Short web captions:
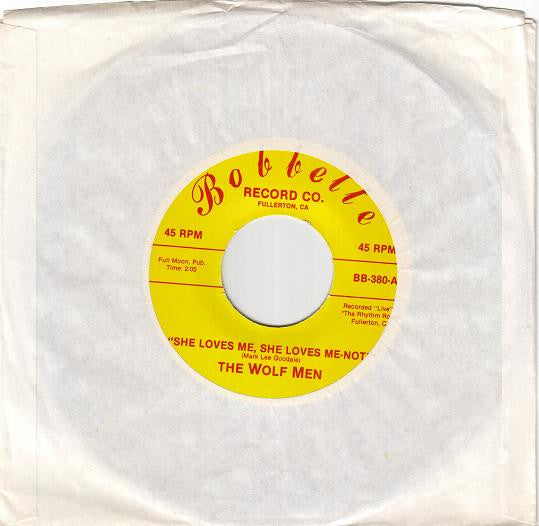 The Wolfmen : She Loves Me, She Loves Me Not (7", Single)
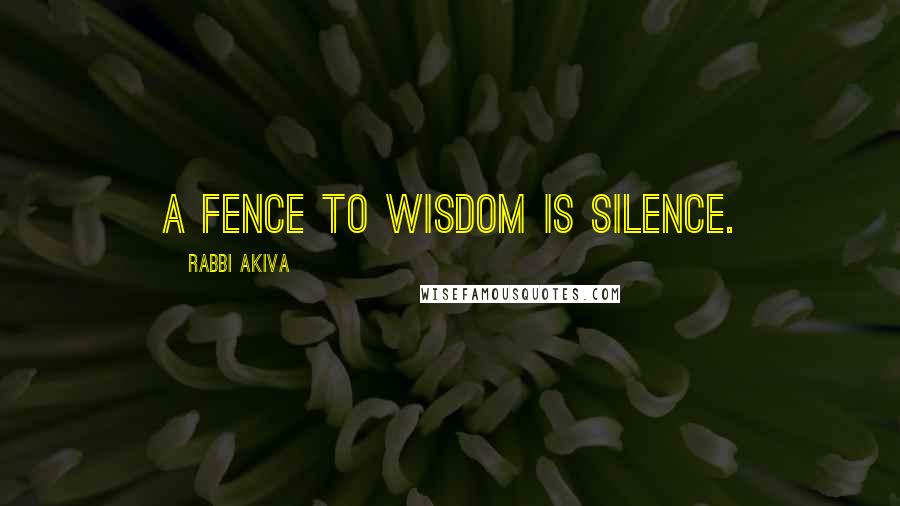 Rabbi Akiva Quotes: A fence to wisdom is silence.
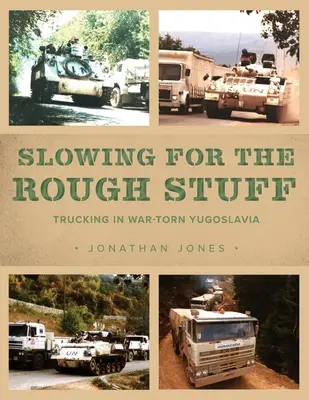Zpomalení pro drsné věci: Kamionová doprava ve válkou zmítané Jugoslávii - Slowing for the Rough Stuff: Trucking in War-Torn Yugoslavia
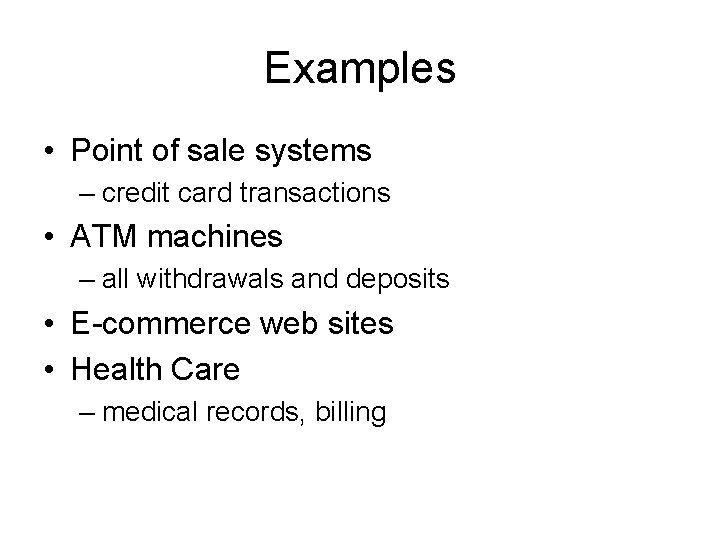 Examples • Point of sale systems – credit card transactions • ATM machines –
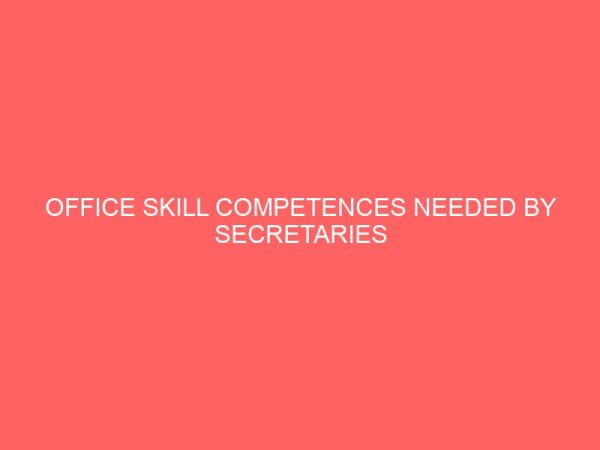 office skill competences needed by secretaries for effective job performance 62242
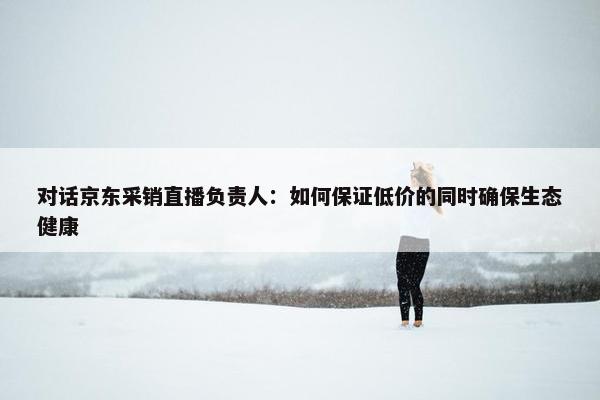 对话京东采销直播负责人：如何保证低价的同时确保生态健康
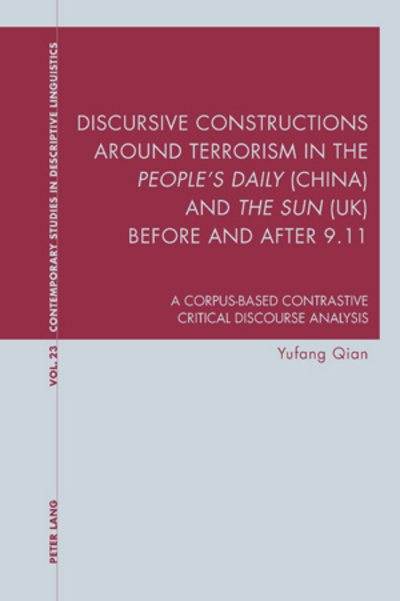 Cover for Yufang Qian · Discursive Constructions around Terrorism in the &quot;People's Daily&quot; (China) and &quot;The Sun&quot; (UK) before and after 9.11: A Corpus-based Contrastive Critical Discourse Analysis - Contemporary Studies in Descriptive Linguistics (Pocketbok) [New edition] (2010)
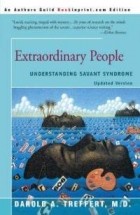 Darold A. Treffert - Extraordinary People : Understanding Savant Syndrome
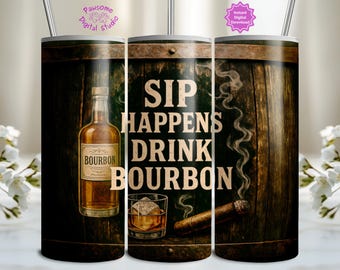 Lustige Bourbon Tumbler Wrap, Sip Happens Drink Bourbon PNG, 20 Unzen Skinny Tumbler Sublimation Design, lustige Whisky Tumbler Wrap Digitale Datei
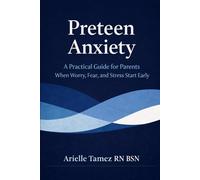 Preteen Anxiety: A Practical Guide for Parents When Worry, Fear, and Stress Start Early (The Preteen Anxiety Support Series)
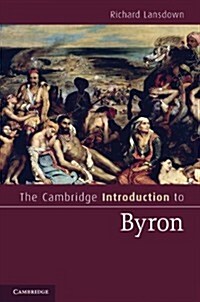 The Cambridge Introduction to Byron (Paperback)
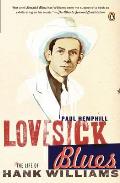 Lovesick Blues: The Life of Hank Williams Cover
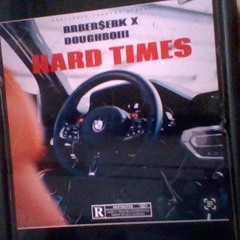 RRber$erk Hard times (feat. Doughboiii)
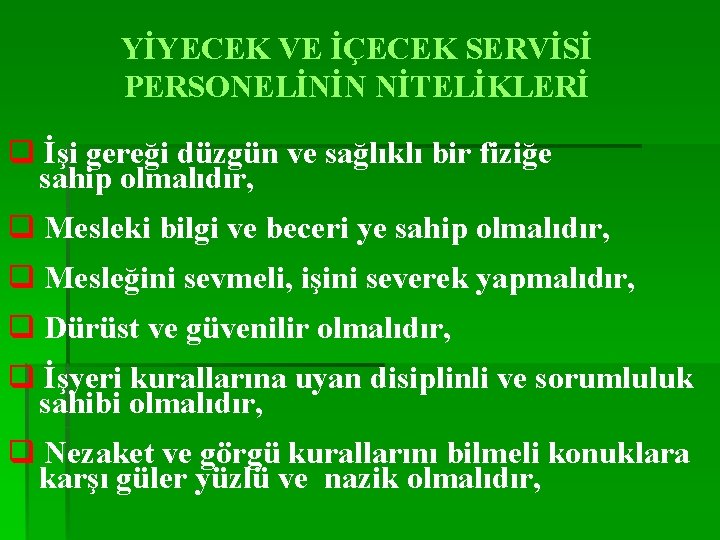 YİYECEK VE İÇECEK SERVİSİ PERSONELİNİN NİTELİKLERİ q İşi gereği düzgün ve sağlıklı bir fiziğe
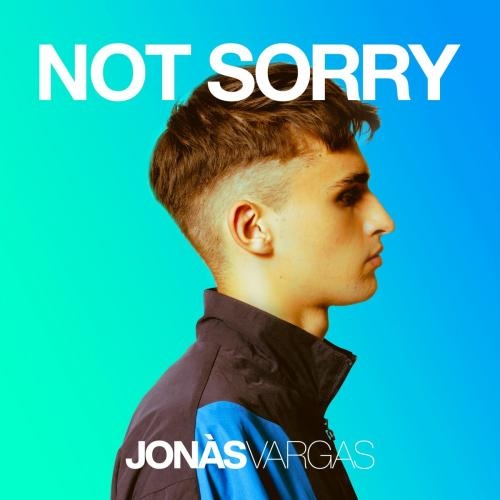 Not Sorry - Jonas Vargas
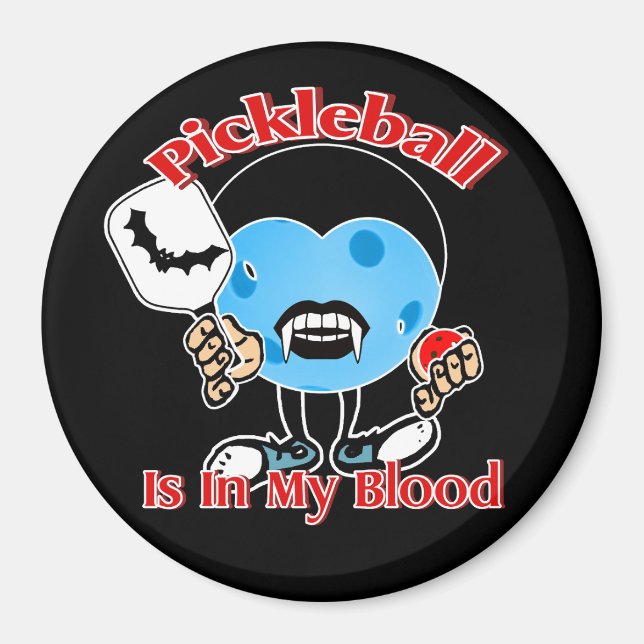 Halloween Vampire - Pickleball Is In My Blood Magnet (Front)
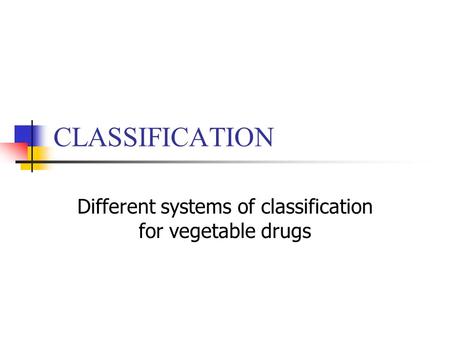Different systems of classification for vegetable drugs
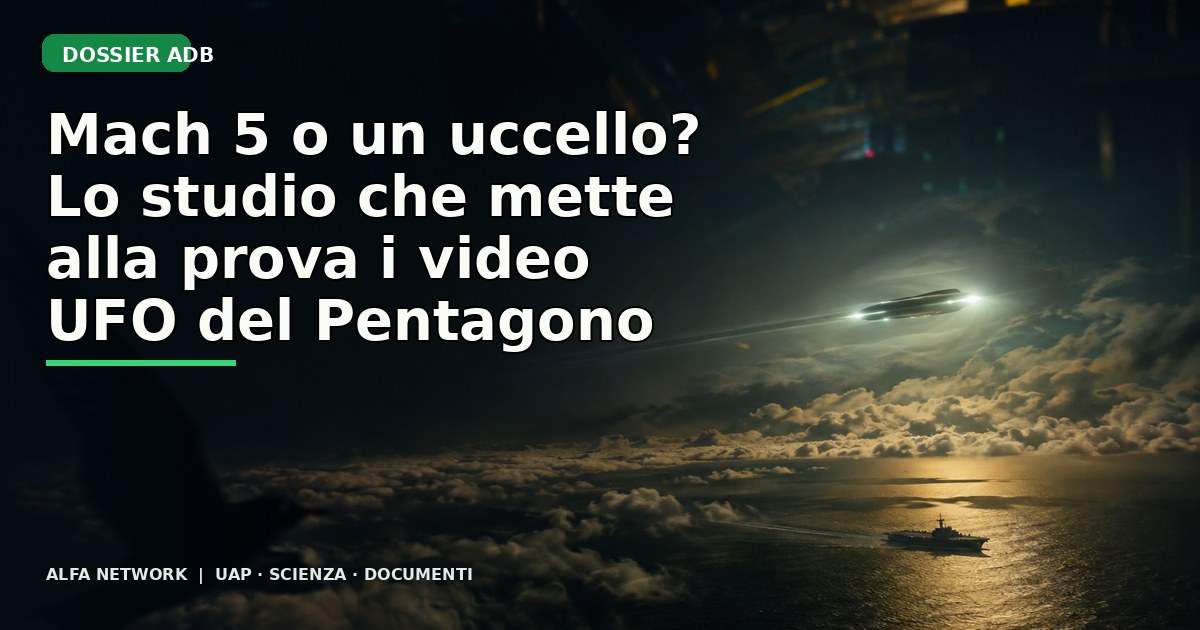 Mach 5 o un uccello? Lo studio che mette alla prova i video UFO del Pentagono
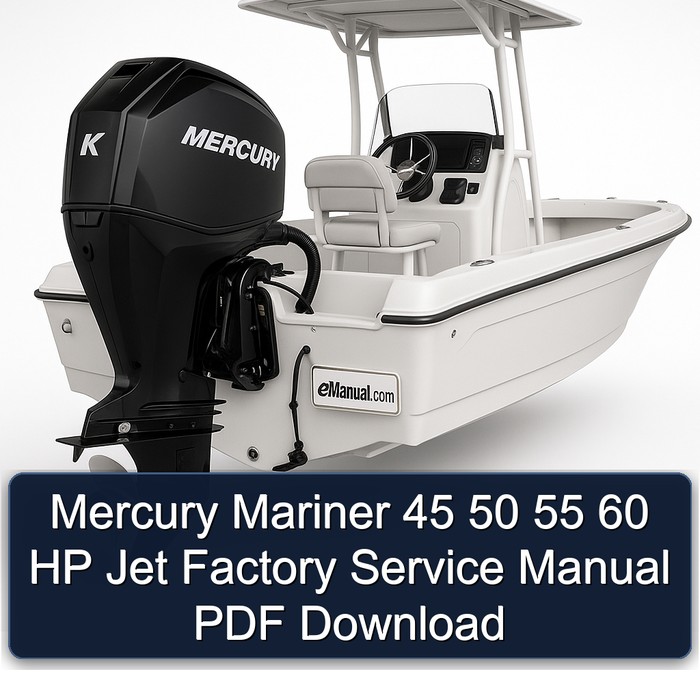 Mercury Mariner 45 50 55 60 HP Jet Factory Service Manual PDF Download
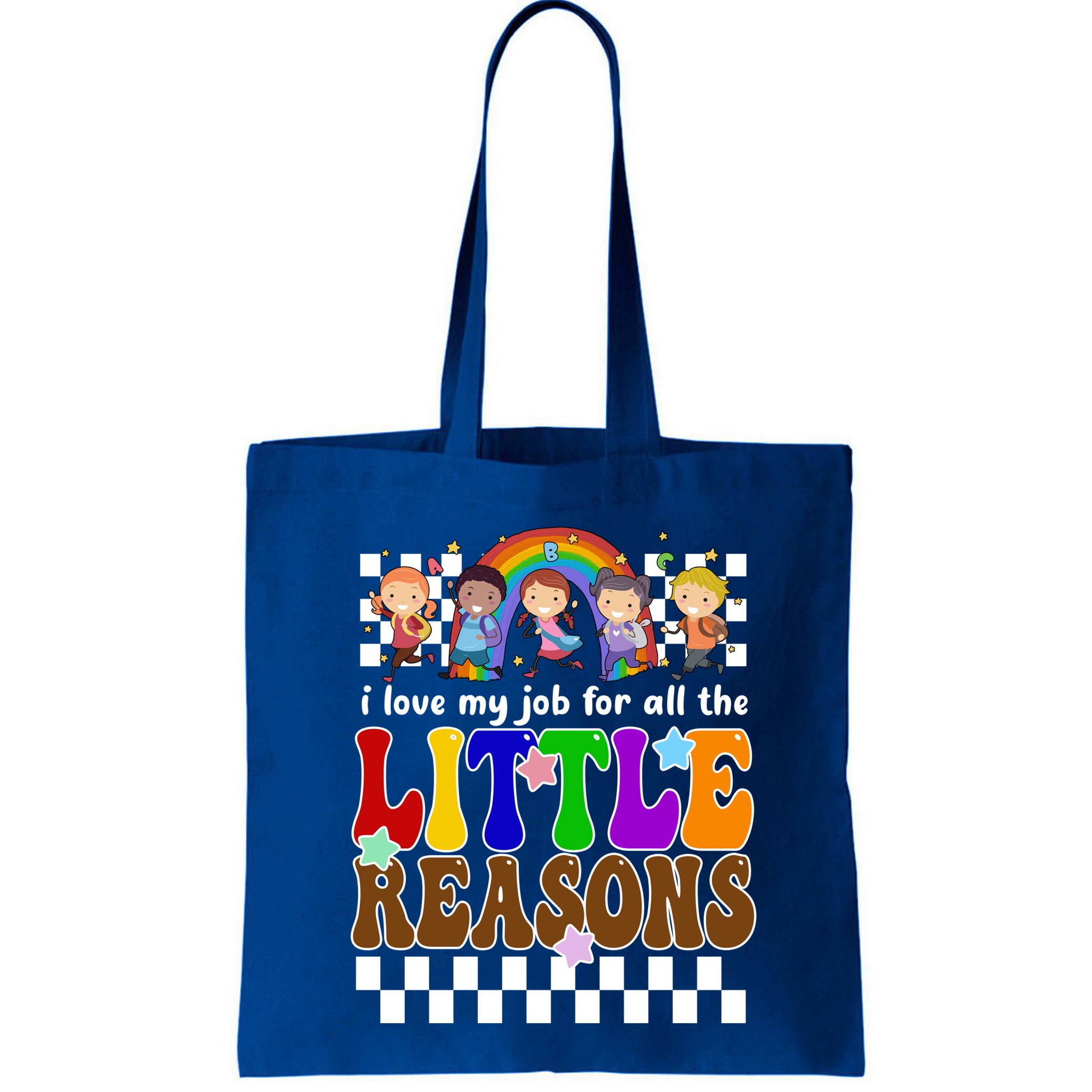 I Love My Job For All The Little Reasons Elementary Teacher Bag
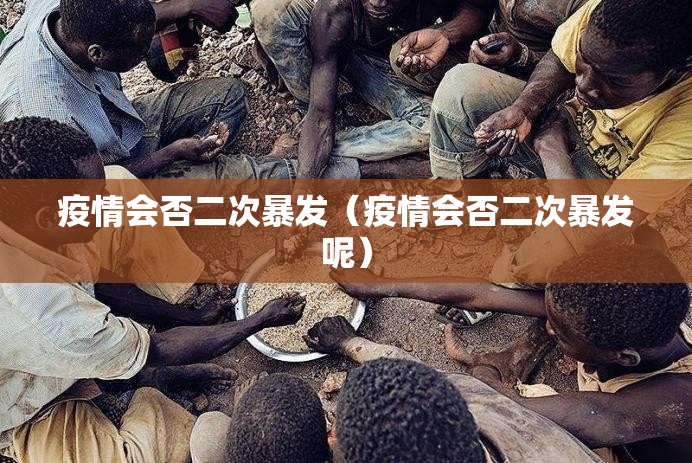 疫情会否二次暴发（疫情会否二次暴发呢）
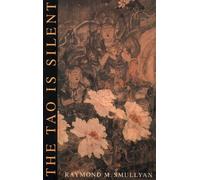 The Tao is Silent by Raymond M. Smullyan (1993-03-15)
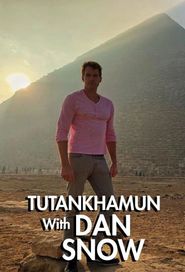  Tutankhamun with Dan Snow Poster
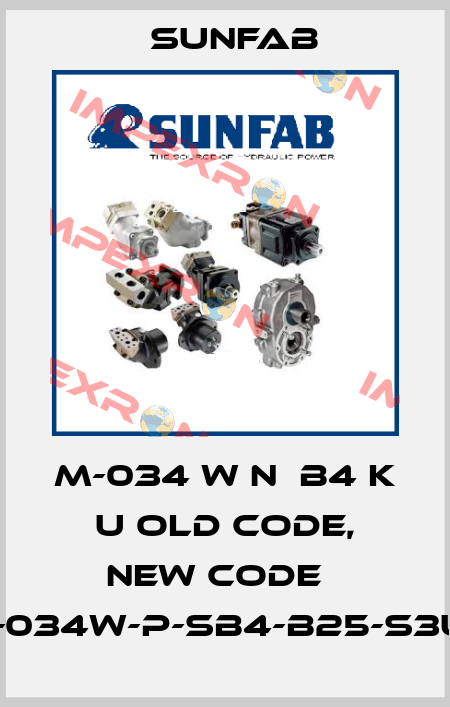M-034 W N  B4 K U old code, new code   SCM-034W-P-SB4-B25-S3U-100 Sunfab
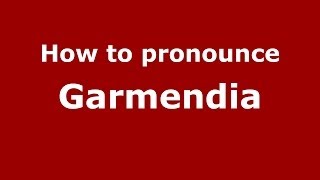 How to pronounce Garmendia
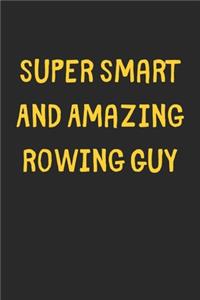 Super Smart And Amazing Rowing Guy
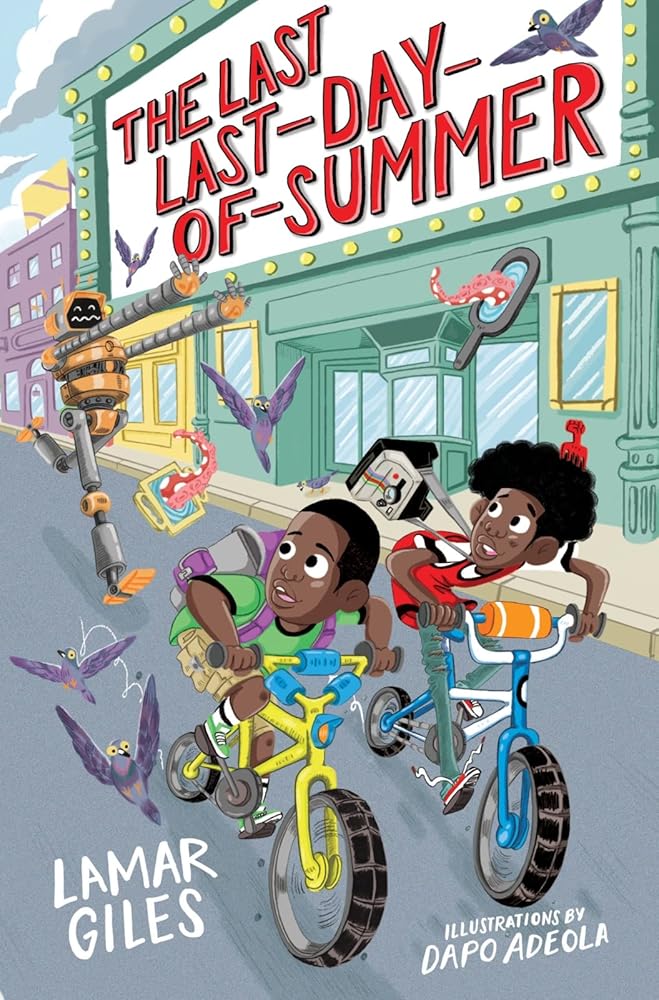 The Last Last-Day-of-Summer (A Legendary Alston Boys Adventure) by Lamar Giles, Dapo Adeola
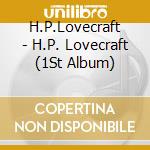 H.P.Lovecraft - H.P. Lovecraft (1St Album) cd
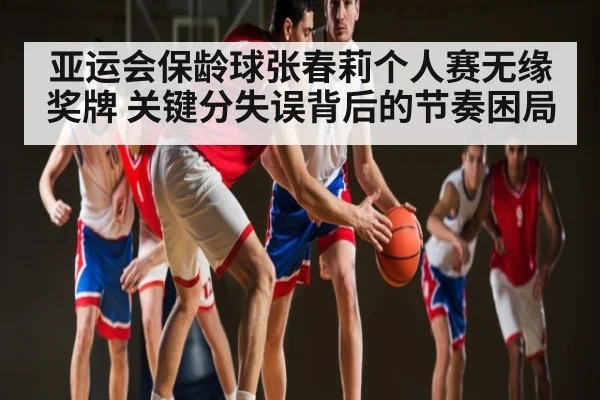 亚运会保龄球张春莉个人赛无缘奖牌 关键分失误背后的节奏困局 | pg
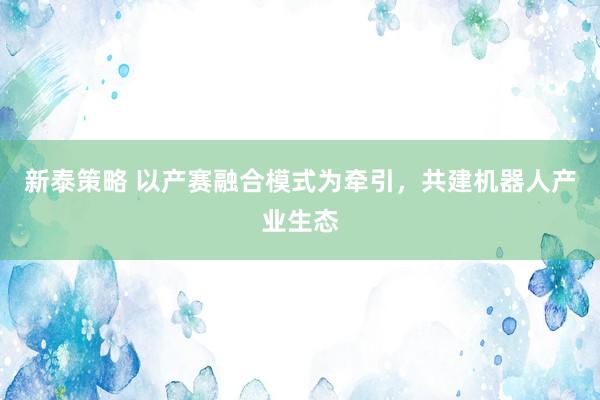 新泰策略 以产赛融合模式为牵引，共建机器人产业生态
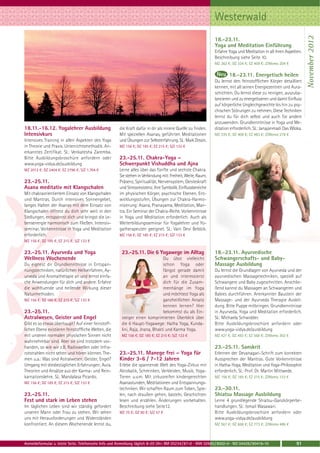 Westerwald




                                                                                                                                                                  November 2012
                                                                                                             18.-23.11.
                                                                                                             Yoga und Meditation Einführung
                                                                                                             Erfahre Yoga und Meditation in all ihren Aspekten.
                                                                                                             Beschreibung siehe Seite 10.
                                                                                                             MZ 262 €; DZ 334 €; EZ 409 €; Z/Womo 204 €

● Problem details
Your answer should be one number: how many lines above contain "Yoga".

● Result for this exercise
2